The bill scraps reasonably foreseeable death as a requirement for an assisted death but retains the concept to set out easier eligibility rules for those who are near death and more stringent rules for those who aren’t.

For those deemed to be near death, the government is proposing to drop the requirement that a person must wait 10 days after being approved for an assisted death before receiving the procedure. It would also reduce the number of witnesses needed to one from two.

As well, it proposes to drop the requirement that a person must be able to give consent a second time immediately before receiving the procedure.

People not near death would face higher hurdles.

Such people would face a minimum 90-day period for assessments of their requests for an assisted death. One of the two medical practitioners who assesses a request would have to have expertise in the person’s particular medical condition. And the person would have to be able to give final consent immediately before the assisted death.

The bill would also explicitly prohibit assisted dying in cases where mental illness is the sole underlying medical condition.

Some legal experts and advocates for medically assisted dying feared the bill would actually make it harder than the existing law for some people to receive the procedure, or even take away their access to it entirely.

Since the Liberal government holds only a minority of seats in the House of Commons, it will need the support of at least one of the main opposition parties to pass the bill.
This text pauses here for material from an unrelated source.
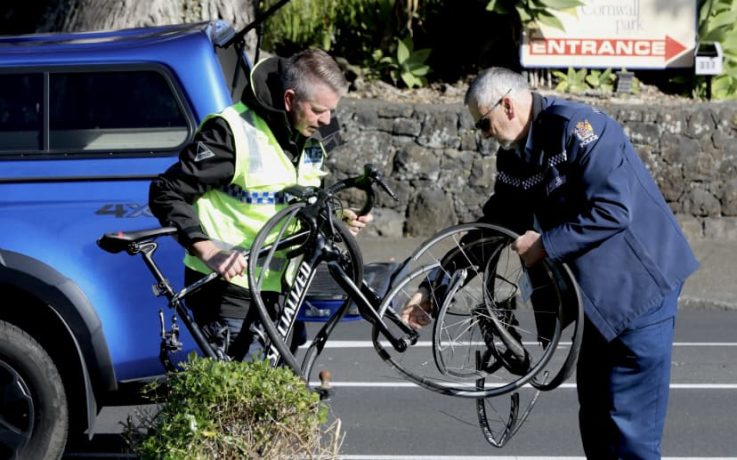 Police remove bicycles from the scene.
NDP justice critic Randall Garrison said his party agrees the bill should pass quickly because it will help Canadians who are “unnecessarily suffering.”

But he said he’s concerned that Lametti is loading up the legislative calendar with a host of justice bills “so that we always end up in a situation where everything has to be rushed.”

“Some of that is due to COVID, but not all of it,” he said in an interview.

Garrison pointed out that a mandatory five-year review of the assisted dying law — including issues of whether the procedure should be available through advance consent, or to mature minors or those suffering solely from mental illness — was supposed to start in June but nothing has been done so far.

Conservative justice critic Rob Moore said in a statement Monday that his party’s priority will be to ensure Bill C-7 “includes safeguards for the most vulnerable in our society, as well as for the conscience rights of physicians and health professionals.”

Newly minted Conservative Leader Erin O’Toole courted social conservatives during his party’s recent leadership contest by promising to protect “the conscience rights of all health-care professionals whose beliefs, religious or otherwise, prevent them from carrying out or referring patients for services that violate their conscience.”

That promise flies in the face of a unanimous Ontario Court of Appeal ruling in May 2019, which said doctors who have moral objections to providing health services like abortion or assisted death must provide patients with an “effective referral” to another doctor.

Moore said Conservatives believe the federal government should have appealed the Quebec court ruling that struck down the reasonably foreseeable death provision “so that we could get certainty on the framework within which Parliament can legislate.”